» Description of the task
With pictures removed, the data below should be returned exactly.
** Opening Collected material block **
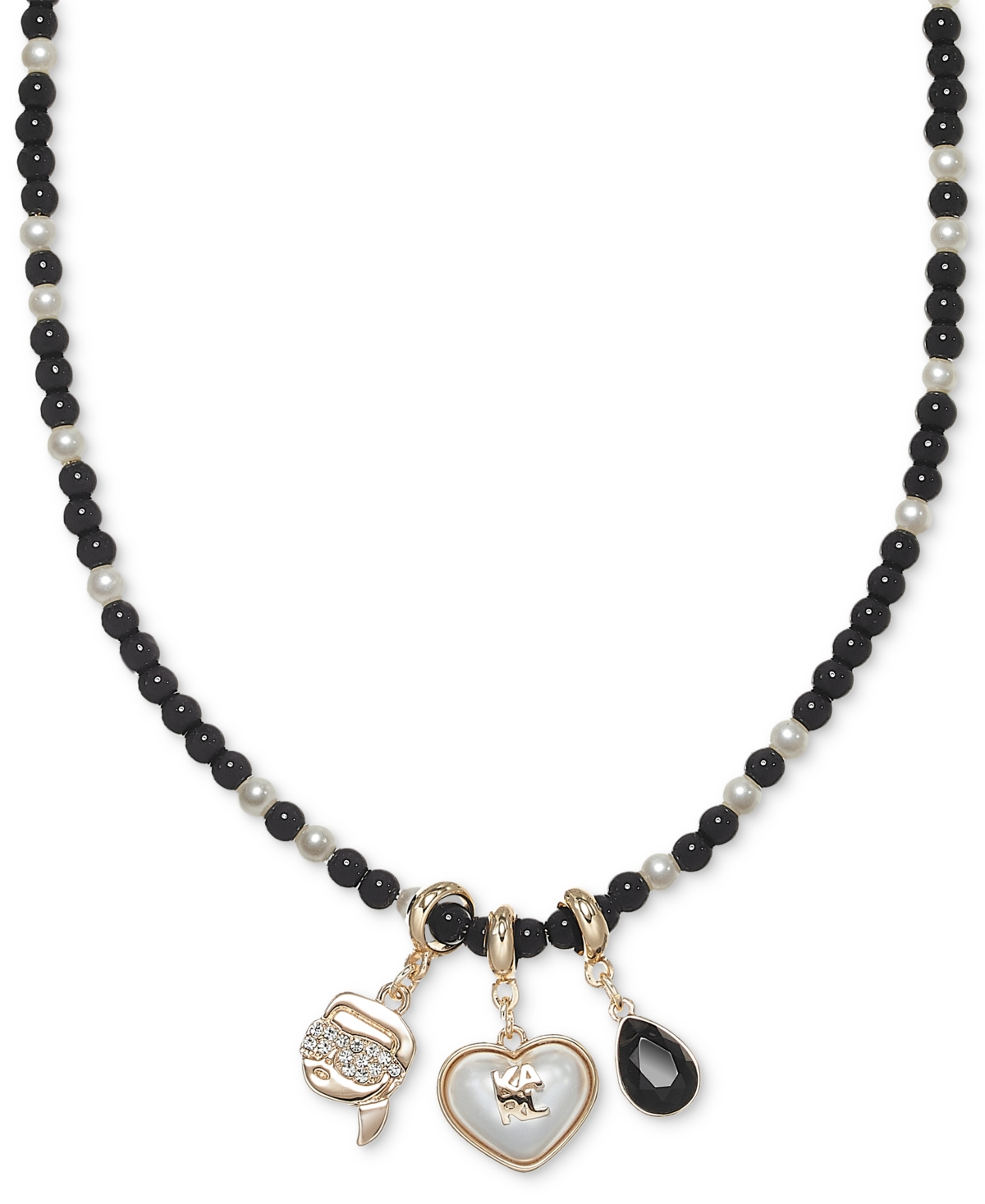 Karl Lagerfeld Paris Imitation Pearl and Crystal Gold-Tone Ikon Charm Necklace
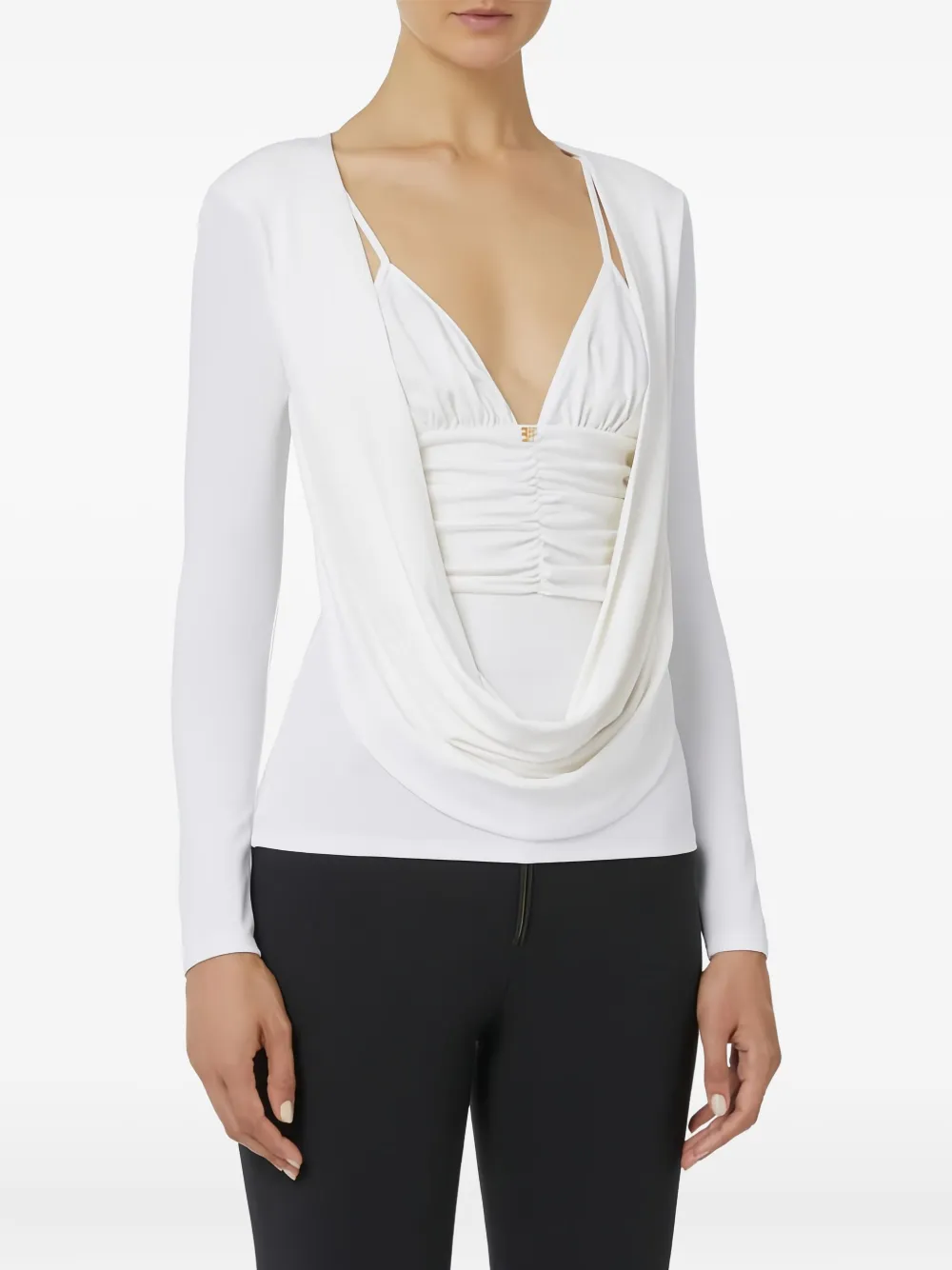 Elisabetta Franchi Draped Blouse In White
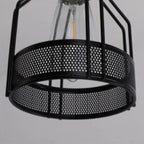 Suspension industrielle à 4 lumières en métal noir en forme de bouteille
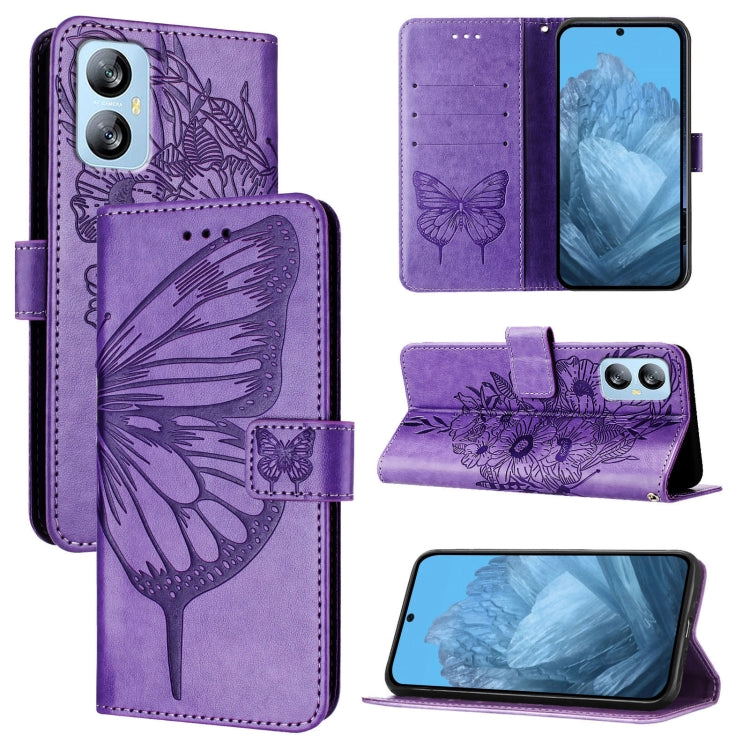 For Blackview A52 Embossed Butterfly Leather Phone Case(Purple) - More Brand by buy2fix | Online Shopping UK | buy2fix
** Closing Collected material block **
» Answer space
 Karl Lagerfeld Paris Imitation Pearl and Crystal Gold-Tone Ikon Charm Necklace
 Elisabetta Franchi Draped Blouse In White
 Suspension industrielle à 4 lumières en métal noir en forme de bouteille
 For Blackview A52 Embossed Butterfly Leather Phone Case(Purple) - More Brand by buy2fix | Online Shopping UK | buy2fix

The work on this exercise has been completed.